After all, there will be much that staff members have to do in order for the business to operate and progress. It's important, therefore, that time is not wasted doing unnecessary activities, that the needed tasks are performed at the right time and within the appointed schedule and budget. Where employees do not co-operate, where time is not put to good use and where there is a lack of clarity in plans and ends, money and resources will inevitable end up being put to uses which give no benefit to the company whatsoever. These details can make the difference between a successful, profitable company that grows and progresses and one that struggles and fails. How then is the best way to take control of time and effort? Microsoft Project can help.

Let's say, for example, that you run a medium-sized enterprise and are having a complete IT overhaul at your offices. Your existing computers are obsolete and the software you need to make your company run more efficiently is too much for your old computers to cope with. To this end, you need to purchase the new hardware, put it together, install the software and train your staff to use it. It goes without saying that these tasks need to be completed in the right order and to schedule and it's not difficult to keep tabs on four activities which tangibly need to follow one another. But what if your staff need to be doing something rather more complex?

Perhaps your company is moving to a newly built office. For the organisation that constructs the offices, there will be an enormous number of tasks to be completed. Some of these tasks will need to come before others - the foundations must be dug before the roof goes on - whereas others will run concurrently to save time and resources. With Microsoft Project, the schedule and order of these tasks can be precisely laid out, no matter how many there may be. Tasks can be divided into phases (known as 'summary tasks'), to help understand the intention of each part of the project.
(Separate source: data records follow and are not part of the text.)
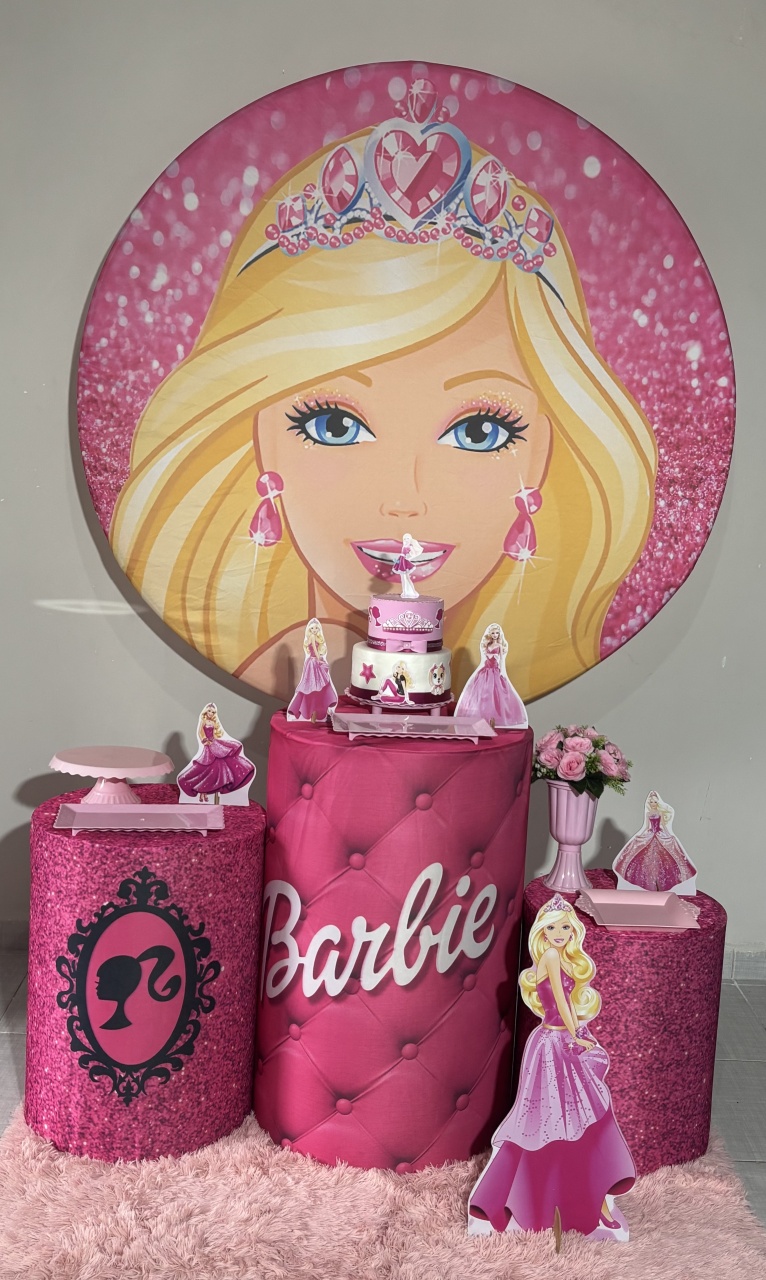 Barbie  - Shalom Festas Pegue e Monte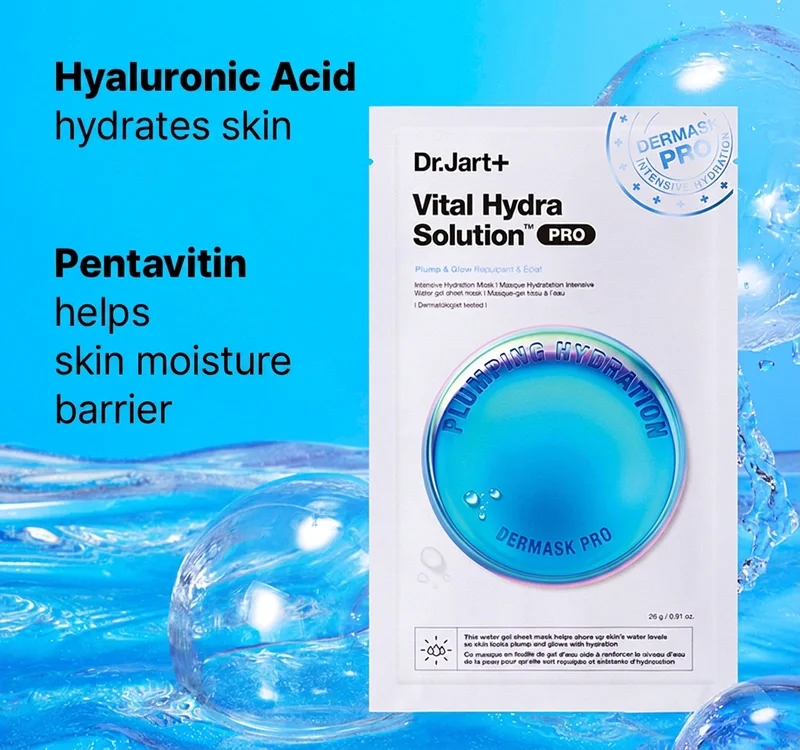 Dr.Jart+ Vital Hydra Solution™ Pro Face Mask - 5 Pack detail 4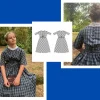 Patron robe Adèle 1840 fille - Thumbnail Image 1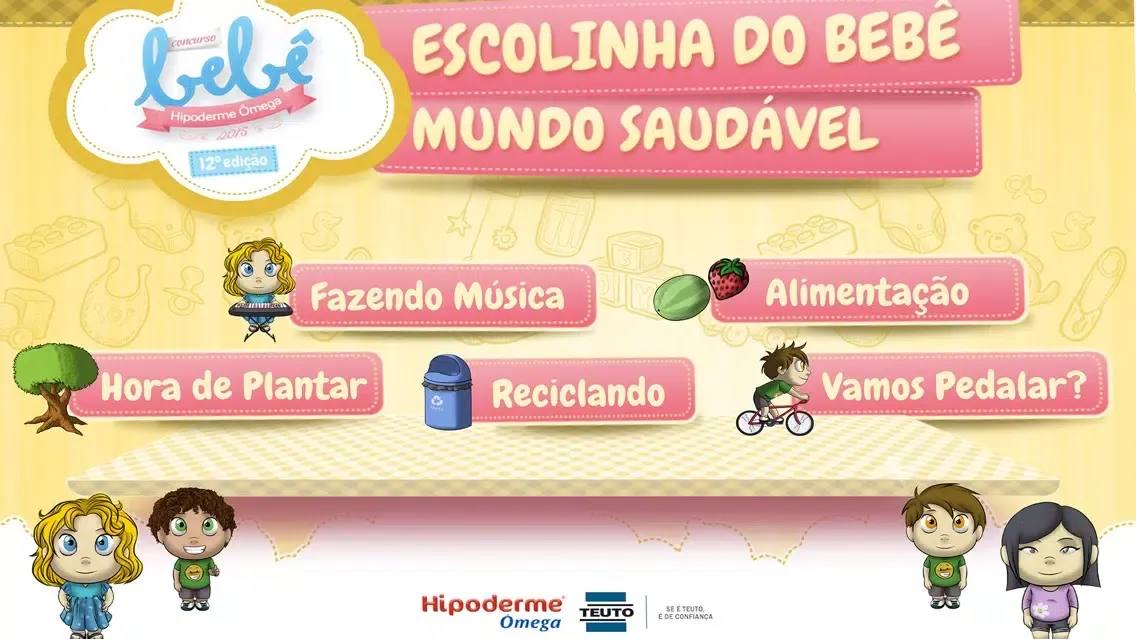 Скриншоты Escolinha do Bebê - Mundo Saudável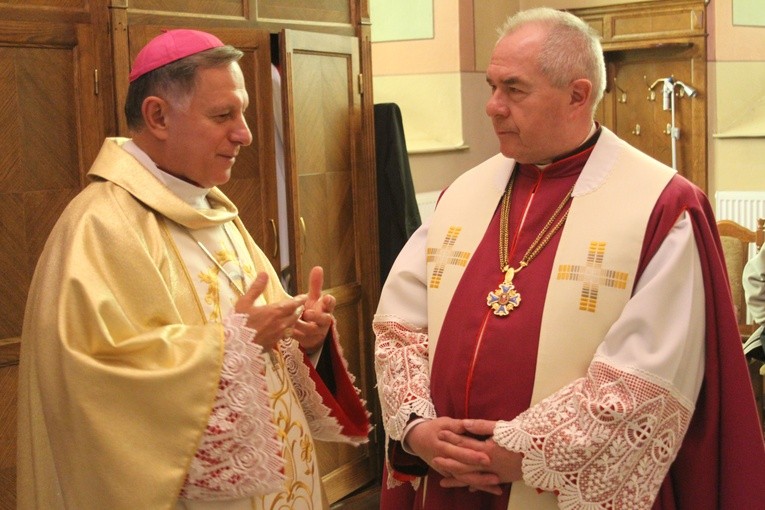 Abp Mieczysław Mokrzycki w Mławie. Cz. II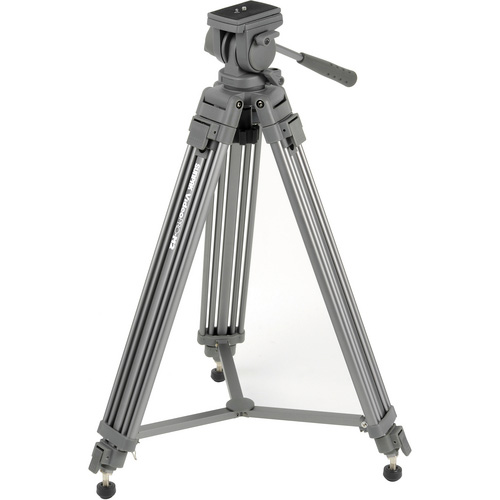 Sunpak VideoPro M2 Tripod with Fluid Head (Gray)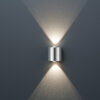 Φωτιστικό Τοίχου Trio Lighting LED 3,2W  Νίκελ Ματ Μεταλλικό 300lm 3000K  225510207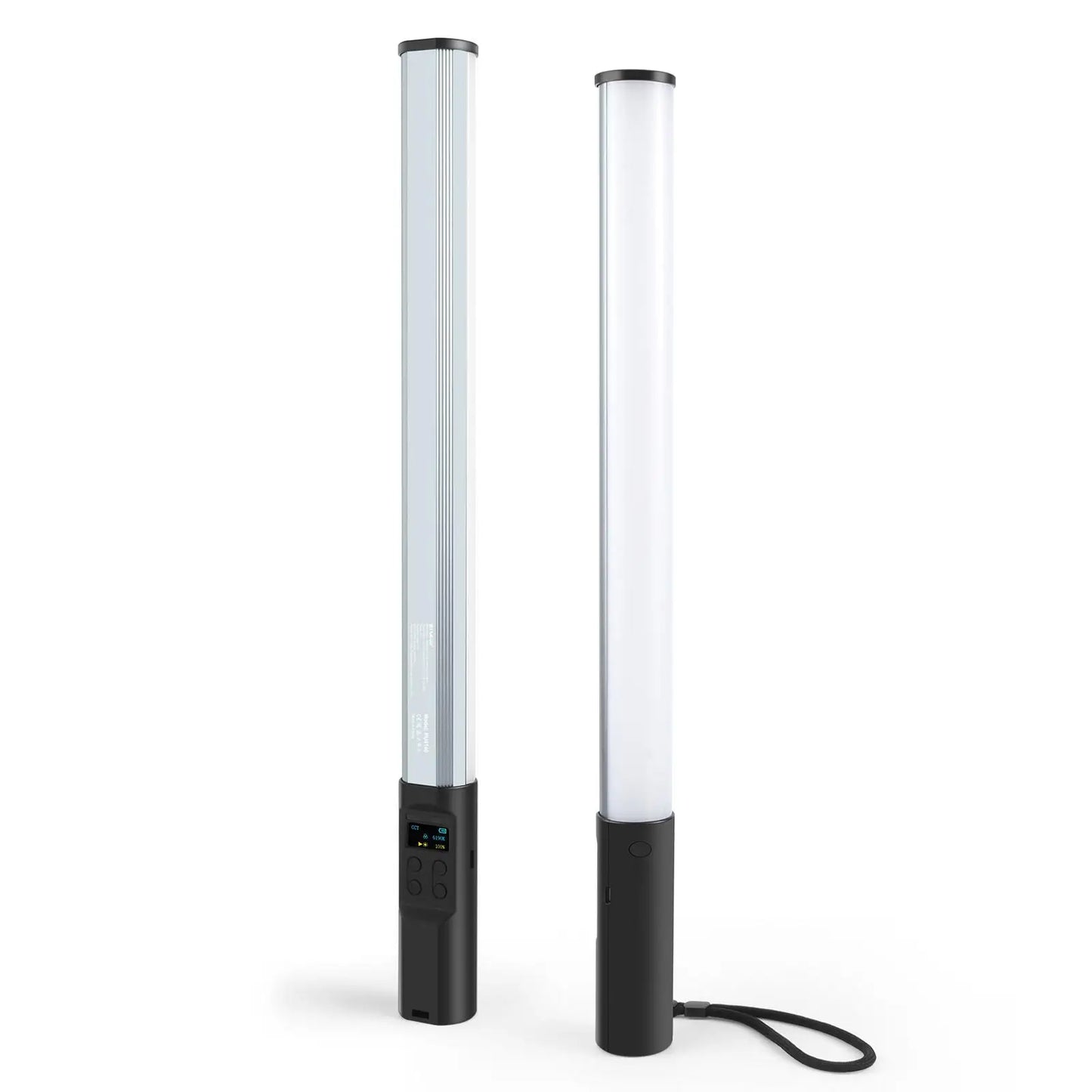 PULUZ 132 LED Handheld RGB Stick Light Full Color Fill Light Wand for Photography & Video Shooting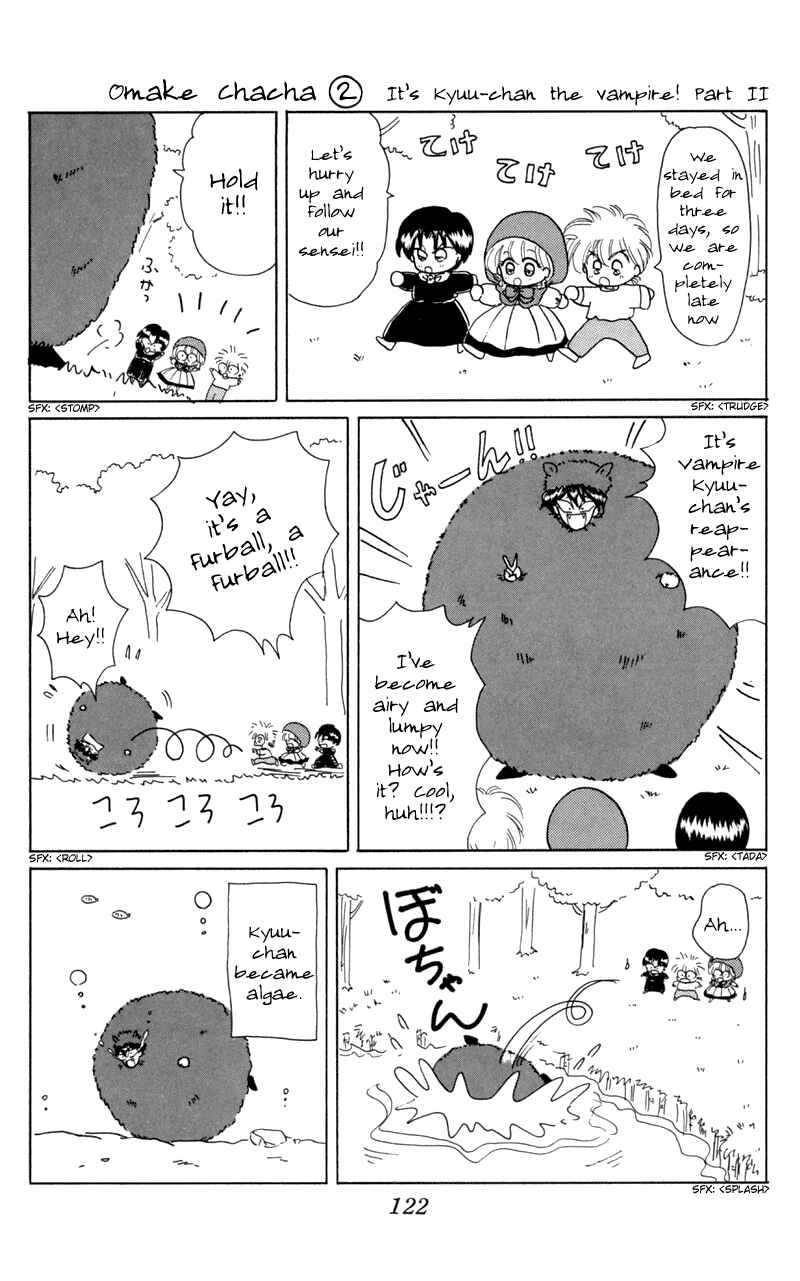 Page 28 Chapter 9 Little Red Riding Hood Cha-Cha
Milestones can be added to mark significant points in the process. Relationships can be created, ensuring that the commencement of one task is conditional upon a different task being completed. If one of these tasks seems likely to run behind schedule, then the knock-on effect on the whole project can be seen immediately.

In those relationships and those knock-on effects, lies a key value in using Project to monitor how your organisation is progressing towards its goal. Whatever kind of project your business is embarking upon, whether a small matter of introducing new IT systems, the rather larger process of building an entire office or anything you can imagine a business involving itself with, money will be lost if the project does not stay within its constraints. Scope creep is an ever-present risk and if one task grows, taking more time and resources then planned, then those tasks that follow it will be similarly pushed out. As a result the whole project expands, running over time and over budget. If we look again at the construction company, this can be absolutely critical; the organisation or individual who contracted for the building to be erected will do so with the specific intention of it being ready for use or letting at a very specific point. To not have the work finished on time and to run over budget, creates a very real risk of the company developing a poor reputation that prevents the winning of future business. With Project, however, strict limits on time and resources are presented clearly and visually and can be relied on to be non-contradictory and fully inclusive of all relevant considerations.

That clear, visual presentation can also be shared amongst the staff with ease. Project is of course fully compatible with all Microsoft Office software, and the charts you create to illustrate your schedules and budgets can be easily transferred into a Word document, a PowerPoint presentation, or a Visio document and then shared between all concerned members of staff or management. You can also create a calendar from your chart, distribute it around your staff and move on safe in the knowledge that everyone is aware of what they're supposed to be doing and when.

This knowledge, this awareness, is a key to the success of any business. With Project, and you might consider a short training course to ensure you get the most out of the software, you can get all your staff moving as one and carrying the organisation onto a brighter future.